A python script to organize your images by similarity.
It uses a k-means algorithm to separatem them in clusters.
Watch it working below.
It was about one year since I made the switch from Windows to Linux, and I wanted to get better at the terminal. I always thought it was cool to master it. To make a long story short, one day I did mount a linux image on my external backup drive instead of the pen drive. Some basic /dev/sd* confusion. Anyway's, I overwrited all my photos; so I used Foremost (which is a great tool) to recover them. It recovered 350.000 images; miniatures, textures, profile pictures, wallpapers... and among all that my personal photos. So I wrote a little script to divide the images in folders, 1000 images per folder, if I'm not mistaken.
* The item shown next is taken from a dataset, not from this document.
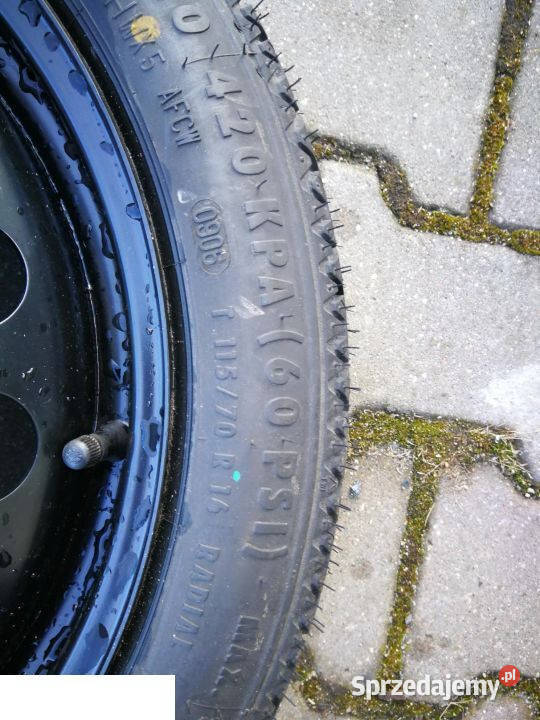 Honda Jazz 2012 2014 koło dojazdowe R16 4x100 lubelskie Kozubszczyzna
I went through all the folders separating my photos from the random images that weren't important. To end the story, I came up with this script to "cluster" the photos by similiraty and makes things a little easier for me.
How to use
Navigate to the folder you want. CLI - Command Line Interface or GUI - Graphic User Interface
Install the requirements.txt
pip install -r requirements.txt
Call the script passing the image folder you want to organize.
python groupimg.py -f /home/user/Pictures/
-f folder where your images are (use absolute path).
groupimg -f /home/user/Pictures
-k number of folders you want to separate your images.
groupimg -f /home/user/Pictures -k 5
-m if you want to move your images instead of just copy them.
-s if you want the algorithm to consider the size of the images as a feature.
Just call the groupImgGUI.py file.
Click the button Select folder to select the folder with the pictures you want to organize.
You can adjust the settings by checking the settings box.
N. Group - How many groups should the images be separated in.
Resample - Size to resample the image before comparing (small sizes gives fast results).
Move - Move the images instead of copy them (useful if you have low space on your hard drive).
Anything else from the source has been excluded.